_What is required_:
Each entry below is to be duplicated precisely.

_Data provided_:
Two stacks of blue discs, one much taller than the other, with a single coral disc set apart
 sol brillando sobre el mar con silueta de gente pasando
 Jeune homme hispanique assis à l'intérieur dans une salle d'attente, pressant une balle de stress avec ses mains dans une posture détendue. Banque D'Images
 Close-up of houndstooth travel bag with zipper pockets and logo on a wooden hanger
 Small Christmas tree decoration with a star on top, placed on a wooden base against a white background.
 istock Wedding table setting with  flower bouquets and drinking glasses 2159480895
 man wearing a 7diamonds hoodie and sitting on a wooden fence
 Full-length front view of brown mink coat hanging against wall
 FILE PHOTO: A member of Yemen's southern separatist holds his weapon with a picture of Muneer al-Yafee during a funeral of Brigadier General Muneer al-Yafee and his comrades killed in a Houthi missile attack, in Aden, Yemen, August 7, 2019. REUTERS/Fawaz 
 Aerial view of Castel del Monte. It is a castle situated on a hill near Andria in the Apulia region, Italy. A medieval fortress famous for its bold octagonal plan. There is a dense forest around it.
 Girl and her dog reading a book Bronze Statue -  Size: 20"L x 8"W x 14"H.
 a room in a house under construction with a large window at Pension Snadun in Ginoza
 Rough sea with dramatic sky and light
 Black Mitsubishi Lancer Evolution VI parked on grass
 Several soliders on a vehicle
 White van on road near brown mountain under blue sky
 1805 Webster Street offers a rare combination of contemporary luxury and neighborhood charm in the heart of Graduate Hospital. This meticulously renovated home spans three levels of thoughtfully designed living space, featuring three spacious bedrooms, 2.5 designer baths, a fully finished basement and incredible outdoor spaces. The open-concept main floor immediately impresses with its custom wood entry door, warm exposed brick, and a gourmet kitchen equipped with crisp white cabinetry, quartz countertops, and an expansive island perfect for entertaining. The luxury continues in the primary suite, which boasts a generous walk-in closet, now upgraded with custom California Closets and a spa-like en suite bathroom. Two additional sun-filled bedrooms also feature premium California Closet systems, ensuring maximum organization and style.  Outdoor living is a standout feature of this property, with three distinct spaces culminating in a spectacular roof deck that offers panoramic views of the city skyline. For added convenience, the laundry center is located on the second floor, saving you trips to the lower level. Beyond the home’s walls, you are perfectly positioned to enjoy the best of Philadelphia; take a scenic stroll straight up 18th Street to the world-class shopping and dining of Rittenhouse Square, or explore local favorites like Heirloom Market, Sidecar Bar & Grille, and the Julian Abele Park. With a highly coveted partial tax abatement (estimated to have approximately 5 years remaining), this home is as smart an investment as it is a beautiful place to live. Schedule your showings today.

_Answer space_:
Two stacks of blue discs, one much taller than the other, with a single coral disc set apart
 sol brillando sobre el mar con silueta de gente pasando
 Jeune homme hispanique assis à l'intérieur dans une salle d'attente, pressant une balle de stress avec ses mains dans une posture détendue. Banque D'Images
 Close-up of houndstooth travel bag with zipper pockets and logo on a wooden hanger
 Small Christmas tree decoration with a star on top, placed on a wooden base against a white background.
 istock Wedding table setting with  flower bouquets and drinking glasses 2159480895
 man wearing a 7diamonds hoodie and sitting on a wooden fence
 Full-length front view of brown mink coat hanging against wall
 FILE PHOTO: A member of Yemen's southern separatist holds his weapon with a picture of Muneer al-Yafee during a funeral of Brigadier General Muneer al-Yafee and his comrades killed in a Houthi missile attack, in Aden, Yemen, August 7, 2019. REUTERS/Fawaz 
 Aerial view of Castel del Monte. It is a castle situated on a hill near Andria in the Apulia region, Italy. A medieval fortress famous for its bold octagonal plan. There is a dense forest around it.
 Girl and her dog reading a book Bronze Statue -  Size: 20"L x 8"W x 14"H.
 a room in a house under construction with a large window at Pension Snadun in Ginoza
 Rough sea with dramatic sky and light
 Black Mitsubishi Lancer Evolution VI parked on grass
 Several soliders on a vehicle
 White van on road near brown mountain under blue sky
 1805 Webster Street offers a rare combination of contemporary luxury and neighborhood charm in the heart of Graduate Hospital. This meticulously renovated home spans three levels of thoughtfully designed living space, featuring three spacious bedrooms, 2.5 designer baths, a fully finished basement and incredible outdoor spaces. The open-concept main floor immediately impresses with its custom wood entry door, warm exposed brick, and a gourmet kitchen equipped with crisp white cabinetry, quartz countertops, and an expansive island perfect for entertaining. The luxury continues in the primary suite, which boasts a generous walk-in closet, now upgraded with custom California Closets and a spa-like en suite bathroom. Two additional sun-filled bedrooms also feature premium California Closet systems, ensuring maximum organization and style.  Outdoor living is a standout feature of this property, with three distinct spaces culminating in a spectacular roof deck that offers panoramic views of the city skyline. For added convenience, the laundry center is located on the second floor, saving you trips to the lower level. Beyond the home’s walls, you are perfectly positioned to enjoy the best of Philadelphia; take a scenic stroll straight up 18th Street to the world-class shopping and dining of Rittenhouse Square, or explore local favorites like Heirloom Market, Sidecar Bar & Grille, and the Julian Abele Park. With a highly coveted partial tax abatement (estimated to have approximately 5 years remaining), this home is as smart an investment as it is a beautiful place to live. Schedule your showings today.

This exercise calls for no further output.